The fact that the Johannine Jesus declares at one point, “The Father is greater than I” (Jn 14:28) would seem to put the matter to bed as this is an explicit statement of the Son’s inferiority. Many, from Arians to Unitarians to modern scholars, have thought so.
But as I’ve been trolling through my notes, I’ve found a couple of good quotes on this topic from two Durham scholars, James D. G. Dunn and Francis Watson:
That is, various aspects of the Son Christology should not be read independently of the Logos Christology, but rather as intended to serve the Logos Christology. I am thinking not simply of the accusation that Jesus was making himself equal with God (5.18) and Jesus’ striking claim to be one with the Father (10.30); for such claims are an obvious expression of Logos/Wisdom Christology – Logos/Wisdom being the self-expression of the otherwise invisible God. Nor am I thinking only of the sending motif, where the Son sent is wholly representative of the Father who sent him (e.g. 10.36; 12.45). I am thinking more of the features of John’s Son Christology normally referred to as the Son’s ‘subordination’ to the Father – summed up by 14.28, ‘The Father is greater than I’. In fact, however, the thought is not so much of subordination, as though that was already an issue.

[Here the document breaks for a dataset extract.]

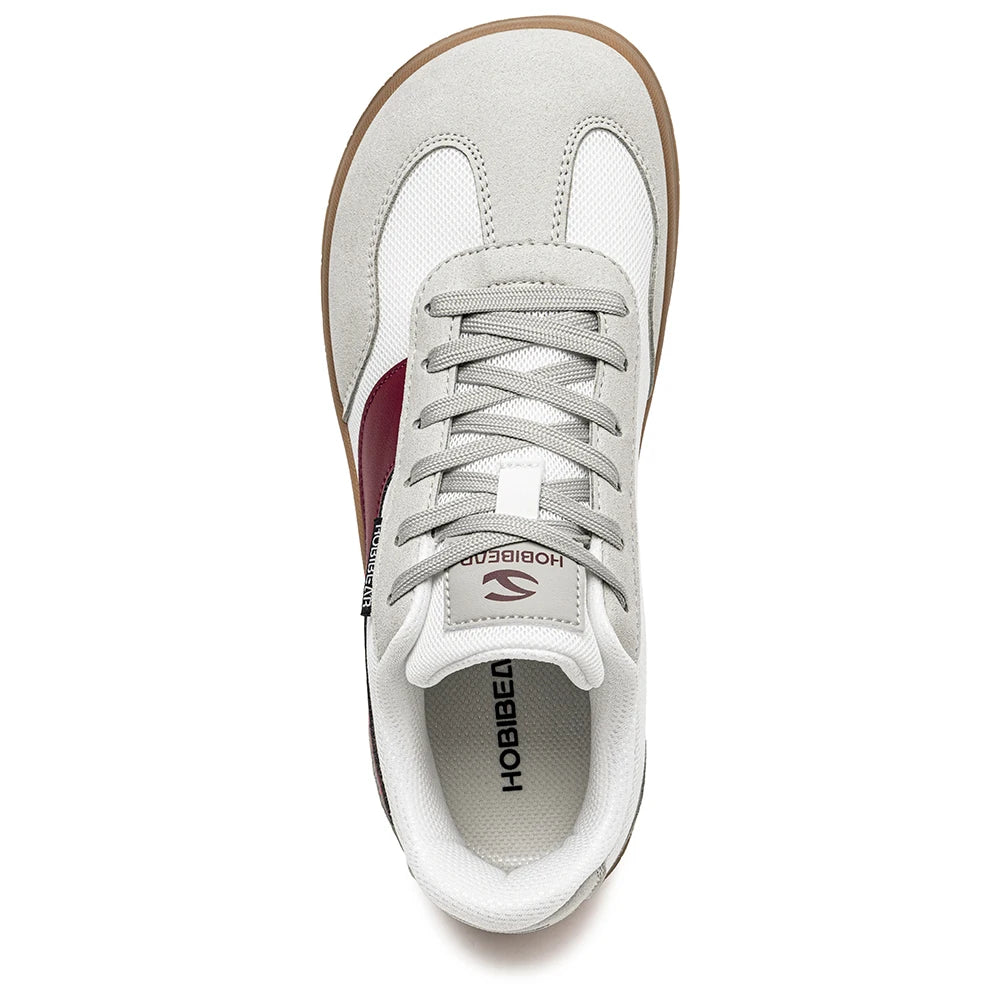 Hobibear Scarpe Larghe a Piedi Nudi Minimaliste Uomo Donna Zero Drop Sneakers Passeggio Retrò Rete Pelle Artificiale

The issue is not the relation between the Father and the Son (as later), but the authority and validity of the Son’s revelation of the Father, the continuity between the Father and the Son, between the logos unuttered and the logos uttered. (James Dunn, Neither Jew nor Greek, 353).
In the context of the fourfold canonical gospel and its reception, the Gospel of John is important not so much for its supplementary narratives as for its radical Christology, which asserts Jesus’ equality with God – not as a “second God” but by virtue of the mutually constitutive relationship of Father and Son. It has been asserted again and again that the Johannine Christology has little or nothing in common with the christology of Nicaea, that it is far from the evangelist’s thought to see Jesus as “very God from very God,” and that it is his subordinationist statements that express his real view. Yet the Nicene account arises in large part out of an ongoing dialogue with Johannine and other scriptural texts. Indeed, that dialogue – of which the object is Jesus – is already underway within the texts themselves. (Francis Watson, Gospel Writing, 340).
Dunn and Watson disagree about whether the key issue in texts like Jn 14:28 is the Father-Son relationship (Watson) or the Son’s revelation of the Father (Dunn). In either case, they reject a subordinationist view that makes Jesus somehow lesser than the Father.
My own view is that the statements about onenes, i.e., “the Father and I are one” (Jn 10:30) and mutual indwelling, i.e., “the Father is in me and I am in the Father” (Jn 10:28), lend themselves to thinking of Jesus as divine in not merely a functional sense, but in terms of sharing in the Father’s very own being.
While we may get the idea of "oneness" [sic], it would very helpful to unpack "mutual indwelling" a bit more. Perhaps a follow-up post?